New installation NIC and networking confusion.

jrodgers

Cadet
Joined
Nov 1, 2021
Messages
4
Hi.
I have installed TrueNAS 12.0-U6 and have had it working for several weeks on a Supermicro server. The server has 4 Intel integrated NIC cards in it. Last Friday, I got the bright idea that I would separate the NIC interfaces to a setup like this:

igb0 Mgmt VLAN 10 on the 192.168.10.x/25 subnet
ibg1 unused
ibg2-3 as a LAG group using LACP for aggregation on VLAN 20 to talk to the other servers and accept general storage traffic on the 192.168.20.x/25 subnet.

I thought that seemed reasonable and simple to do. TrueNAS is confirmed to be working with the NIC cards and can communicate on all of them and get either static or DHCP addressing, depending on what I tried.

The problem occurs when I try to make any changes through the GUI. I lose comms to the box and cannot regain control of it to fix it. Sometimes, if I make a small change, I can get it to revert changes and recover. On other instances, I have completely reinstalled to get back to a known working starting point.

For some reason when I plug a KVM into the server, I cannot get the serial interface on the screen, even if I enable it in the GUI before hand. The only way I can get to the text configuration screen is through SSH, which is fine, until I screw around with a network interface which causes the networking to reset and networking restarts and leaves me stranded without a way to talk to the box -- reinstall, reboot, something has to happen to get back in.

So, as of now, I can statically set a DHCP reservation for the VLAN 10 interface, but I cannot figure out how to make it "VLAN aware". It seems that this should be a tick box or something in the port config screen in the GUI. If I try to "add a VLAN interface" as in the documentation, then it complains that I am trying to put it on the already assigned subnet.

I can configure the LACP port aggregation in the switch and get that side working, but as soon as I try to turn it on in TrueNAS, I am locked out again, even though I should still be able to get in on igb0 mgmt VLAN 10.

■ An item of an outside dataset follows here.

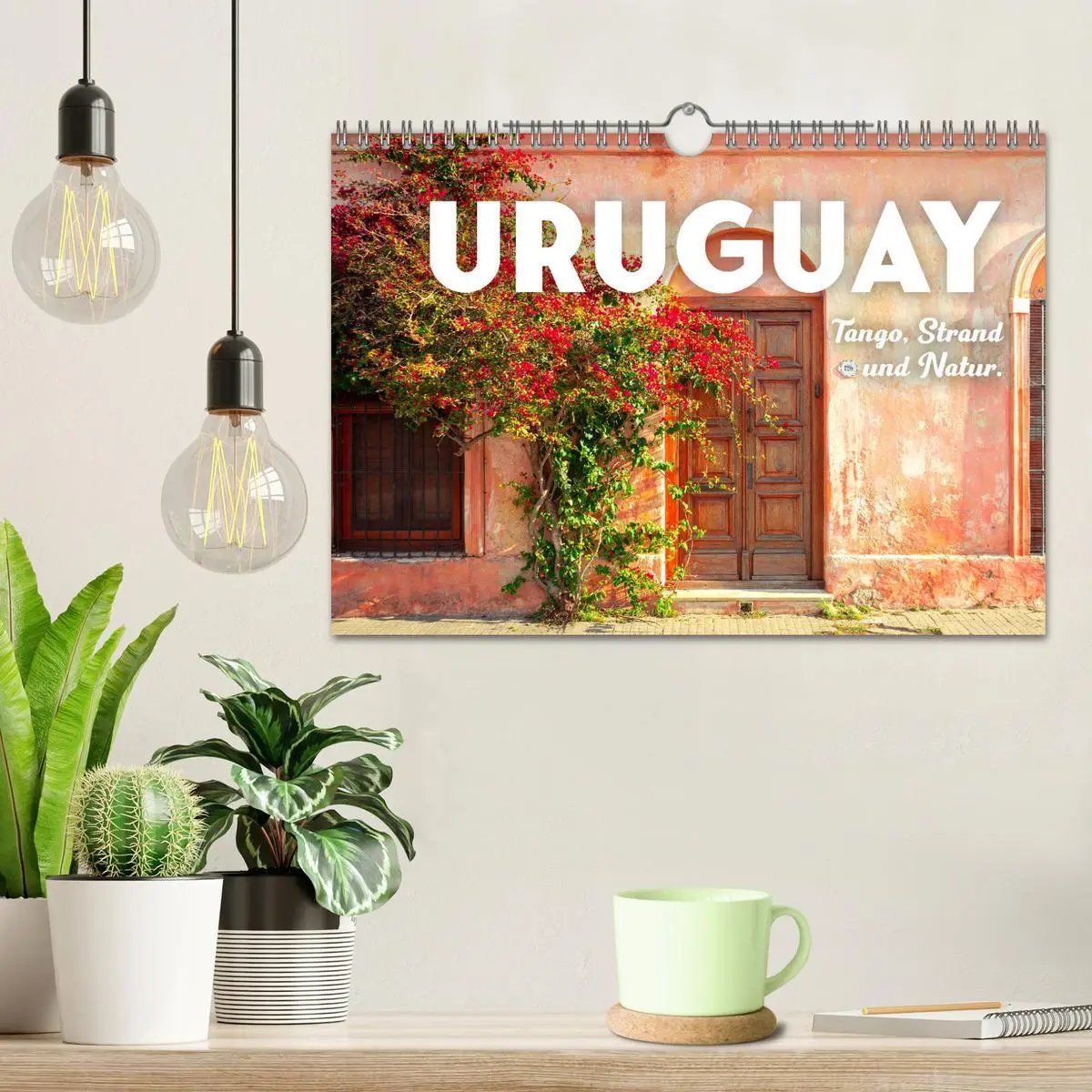 Bild: 9783457599549 | Uruguay - Tango, Strand und Natur. (Wandkalender 2026 DIN A4 quer),...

Does anyone have any ideas on how to do this better? I have spent all weekend monkeying around with this and I am out of ideas as to what to try next.
 

Patrick M. Hausen

Hall of Famer
Joined
Nov 25, 2013
Messages
7,776
You need to remove the ip address from the physical interface first, then assign it to the newly created VLAN interface. That's what the separate "test" and "save" stages are for, so you won't lock yourself out.
After clicking "test" quickly reconfigure your switch so the port connected to igb0 now carries VLAN 10 tagged, reload the page, click "save" if that worked.
If not the TrueNAS will revert the network settings to the state they were in before.
 

jrodgers

Cadet
Joined
Nov 1, 2021
Messages
4
Thanks, I will give that a try later this evening when I get home.

As far as the console goes, do you know of a way to get the text console to show up on the serial console interface on the server? I have console redirection enabled in BIOS and I think I should be able to get a text console when I plug a keyboard and monitor into the machine, but I dont. The only way I can get to it is to SSH into the machine and start /etc/netcli over the ssh connection.
 

jgreco

Resident Grinch
Joined
May 29, 2011
Messages
18,680
The BIOS stops running when the kernel starts running. You need to configure FreeNAS for serial console. There's a tickbox in the configuration, System -> Advanced -> Enable Serial Console ...
 

jrodgers

Cadet
Joined
Nov 1, 2021
Messages
4
Thanks for the pointer Patrick, I was able to setup the VLAN and the LAG using the two step process you outlined.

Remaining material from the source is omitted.